I'm a real big fan of doing what works.


----------



## SoontobeGrandpa (May 24, 2010)

what is the maximum time i can allow my arps to be in the same bedding? some of them had bedding for like 1 month already. when do i clean and put new beddings?


----------



## SarahY (Nov 6, 2008)

I do mine two or three times a week, but most people change the bedding once a week.

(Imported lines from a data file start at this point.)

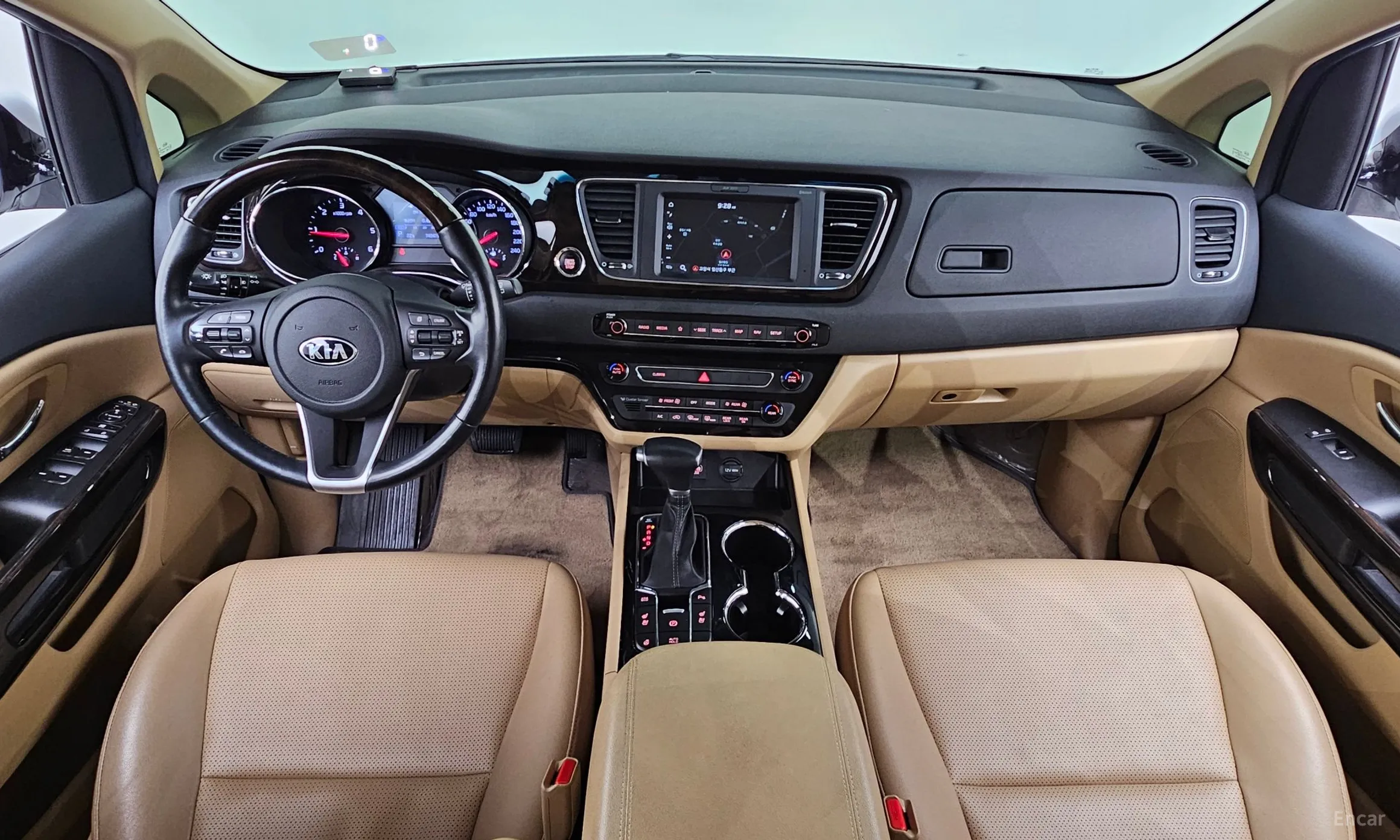 Kia Carnival превью 4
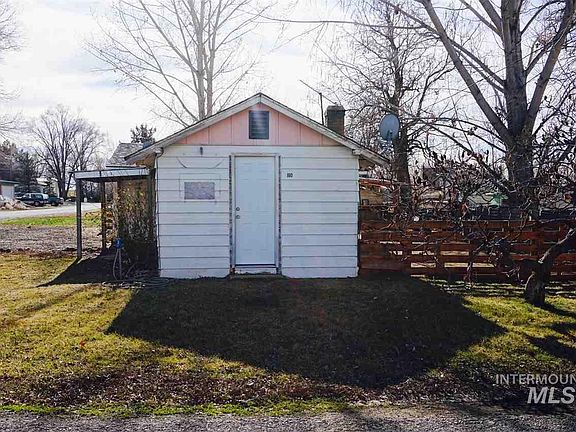 2nd image of 180 Avenue Ave W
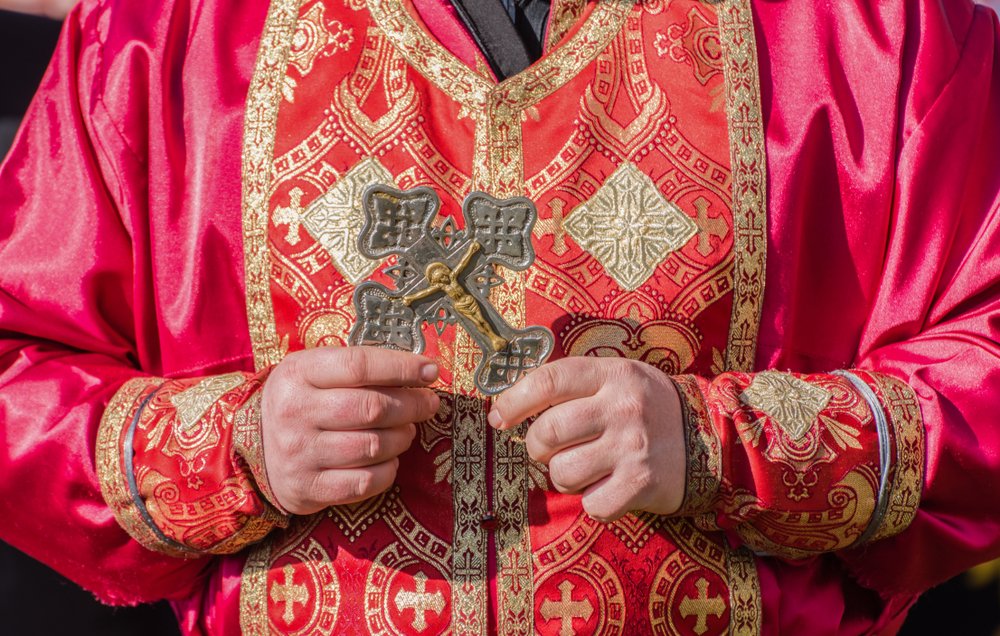 Sacerdote ortodoxo con cresta ritual. Fuente Shutterstock
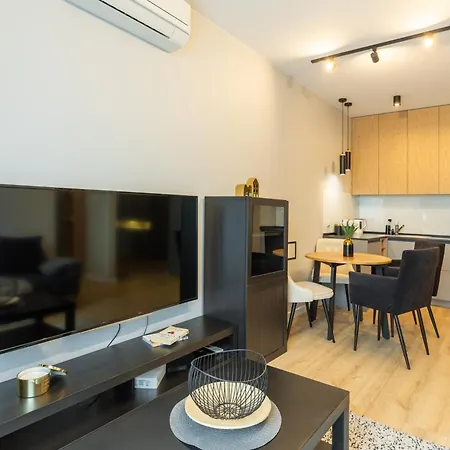 Golden - Luxury Building, Rooftop Terrace, Sienna Appartement Varsovie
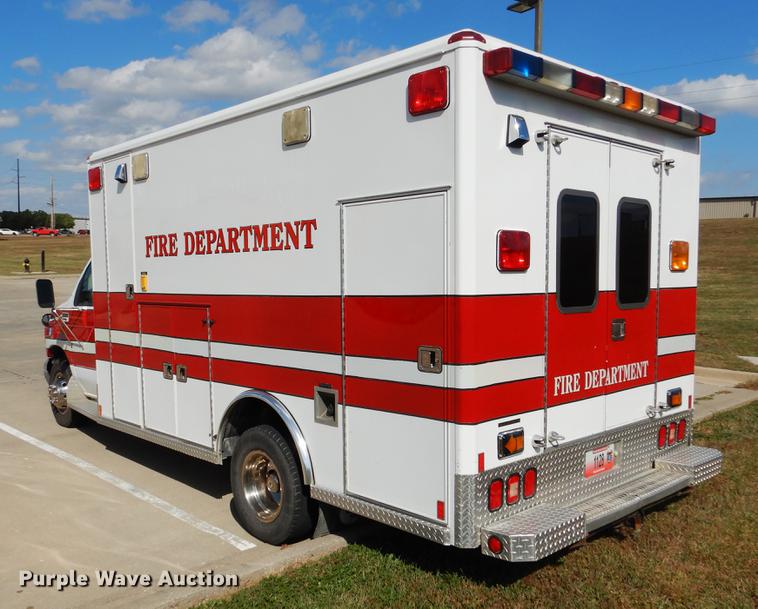 image for item DB9337 1997 Ford Econoline E450 Super Duty ambulance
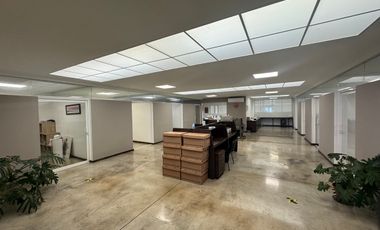 BODEGA CON OFICINAS VENTA TERRA BUSINESS PARK I excelente ubicacion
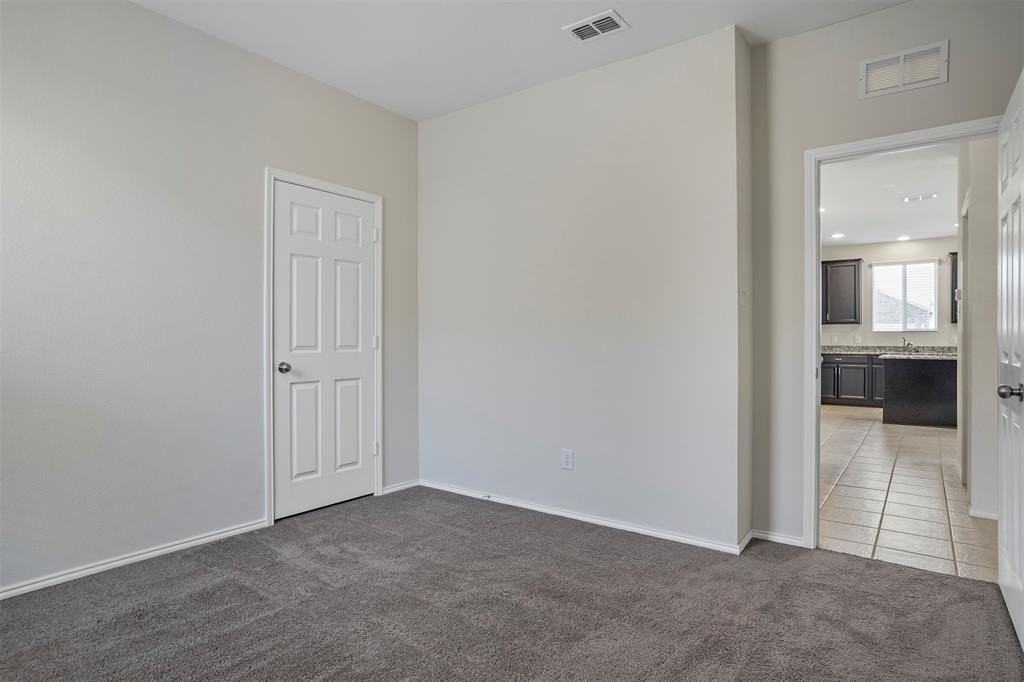 3132 Layla Creek Dr - Photo 6 of 22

A month is much too long between clean-outs 

Sarah xxx


----------



## SoontobeGrandpa (May 24, 2010)

i visited the petshop last week and i noticed that the beddings of the mices changed to shredded paper. i got interested in this and i kinda want to use shredded paper too because the mices look more happy in it by digging inside and hiding with all of that shredded paper on top of them. can i use this from now on and no more aspen? i have 2 big bags of shredded paper ready to be used in my house.


----------



## WoodWitch (Oct 18, 2009)

Shredded paper is fine for a bedding material, but is *not* a replacement for a substrate such as Aspen, Aubiose, or shavings etc.

Mice need something absorbant AND something to nest in.


----------



## Jack Garcia (Oct 9, 2009)

tratallen is right.

Personally, in any given cage I use mostly aspen, but I also put in shredded paper, hay/straw, paper towels (they chew these), and sometimes Sani-Chips.


----------



## Wight Isle Stud (May 19, 2010)

I use hemcore, its the chipped up stem of the Hemp plant, its fabulous, all you need to do is give it a bit of a stir once a week and it will last ages.


----------